This benchmark:
import org.openjdk.jmh.annotations.Benchmark;
import org.openjdk.jmh.annotations.BenchmarkMode;
import org.openjdk.jmh.annotations.Fork;
import org.openjdk.jmh.annotations.Measurement;
import org.openjdk.jmh.annotations.Mode;
import org.openjdk.jmh.annotations.OutputTimeUnit;
import org.openjdk.jmh.annotations.Setup;
import org.openjdk.jmh.annotations.State;
import org.openjdk.jmh.annotations.TearDown;
import org.openjdk.jmh.annotations.Warmup;
import sun.misc.Unsafe;
import java.lang.invoke.VarHandle;
import java.nio.ByteBuffer;
import java.nio.ByteOrder;
import java.nio.FloatBuffer;
import java.util.concurrent.TimeUnit;
import static jdk.incubator.foreign.MemoryLayout.PathElement.sequenceElement;
import static jdk.incubator.foreign.MemoryLayouts.JAVA_FLOAT;
import static jdk.incubator.foreign.MemoryLayouts.JAVA_INT;
@BenchmarkMode(Mode.AverageTime)
@Warmup(iterations = 5, time = 500, timeUnit = TimeUnit.MILLISECONDS)
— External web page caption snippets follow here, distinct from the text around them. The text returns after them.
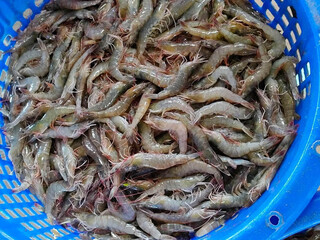 Canvas Print - fresh shrimp on the market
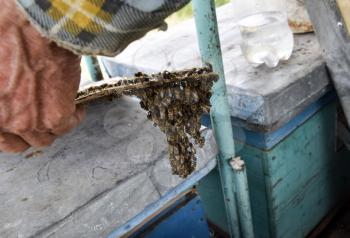 The beginning of the swarming of the bees. A small swarm of mesmerized bees on cardboard paper. Apiary. Honey bees on the home apiary. The technology breeding of honey bees.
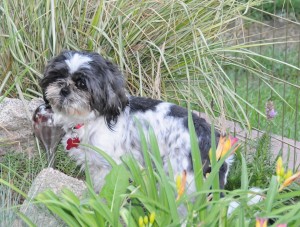 When I'm in the garden, I forget I don't feel good.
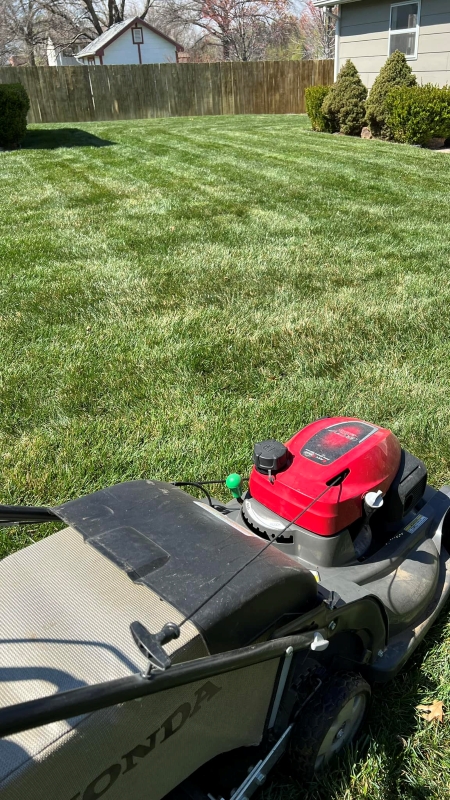 How Often Should You Mow Your Wichita Lawn in Each Season?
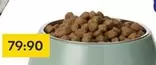 Dog Food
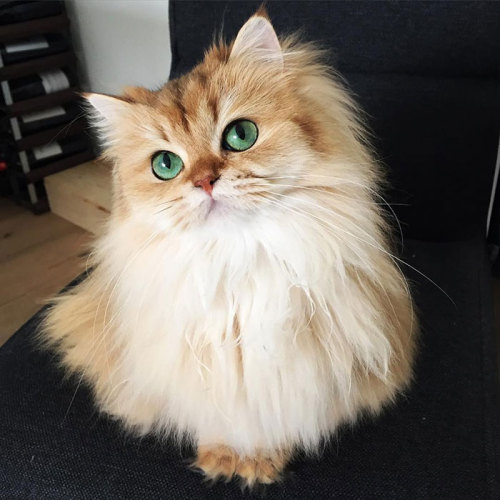 middlemarching:boredpanda:Meet Smoothie, The World’s Most Photogenic Catomg you’re not kidding, look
@Measurement(iterations = 10, time = 500, timeUnit = TimeUnit.MILLISECONDS)
@State(org.openjdk.jmh.annotations.Scope.Thread)
@OutputTimeUnit(TimeUnit.MILLISECONDS)
@Fork(value = 3, jvmArgsAppend = { "--add-modules=jdk.incubator.foreign" })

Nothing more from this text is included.